Dokumen yang ada juga menceritakan bahwa menjelang wafatnya, Bung Hatta, sahabatnya dalam membangun bangsa namun dalam perjalanan pecah kongsi akibat perbedaaan prinsip, sempat menjenguknya. Kedua sahabat yang telah lama tidak berjumpa itu digambarkan bertemu dalam suasana yang sangat mengharukan, walau tidak banyak yang bisa dibicarakan akibat kondisi kesehatan Bung Karno telah amat menurun. Bung Karno akhirnya menghembuskan nafas terakhirnya di negeri yang diproklamasikan kemerdekaannya pada 21 Juni 1970. Berpulangnya Bung Karno membawa serta berbagai pengetahuan, intelektualitas yang terbangun sejak dini dan amat mewarnai pembentukan fondasi Indonesia, seperti Pancasila dan UUD 1945.
Bung Karno diusir dari Istana dan menjalani tahanan rumah hingga akhir hayatnya. Namun ketika Bung Karno berpulang, ribuan rakyat pula yang mengantarkan kepergiannya ke peristirahatan terakhir. Penguasa kala itu membenci Bung Karno, namun rakyat tidak. Mereka tidak pernah lupa dengan jasa-jasa Bung Karno bagi negeri ini.

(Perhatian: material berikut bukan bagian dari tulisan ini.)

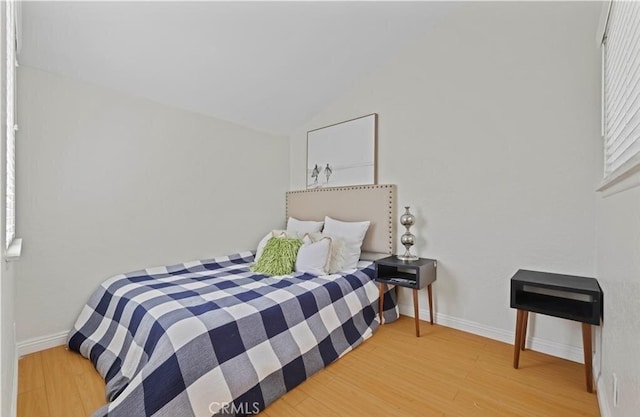 bedroom with hardwood / wood-style floors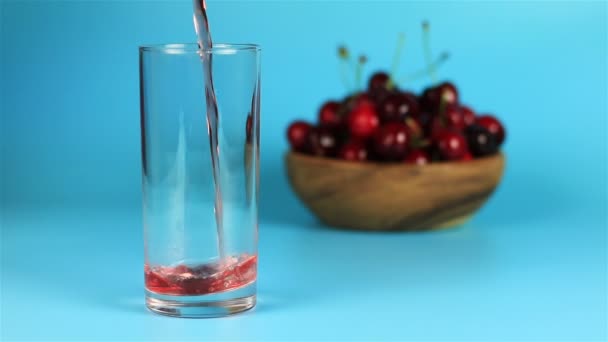 Suco de cereja vermelho sendo derramado em um copo e cerejas maduras vermelhas em tigela de madeira no fundo azul — Vídeo de Stock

Dari kisah getir perjalanan hidup Bung Karno, Putra Sang Fajar, Proklamator Kemerdekaan Indonesia, Â kiranya perlu dipetik pelajaran berharga oleh masing-masing dari kita sebagai warga negara. Janganlah sampai proses pergantian kekuasaan di Republik ini berjalan dengan kegetiran seperti yang pernah dialami Bung Karno. Setiap pemimpin negeri besar ini hendaknya memulai masanya dengan kegemilangan dan mengakhiri pula masanya dengan kegemilangan. Suksesi kepemimpinan yang baik di berbagai tingkatan akan menentukan mulus tidaknya perjalanan Negara Kesaturan Republik Indonesia yang kita cintai ini.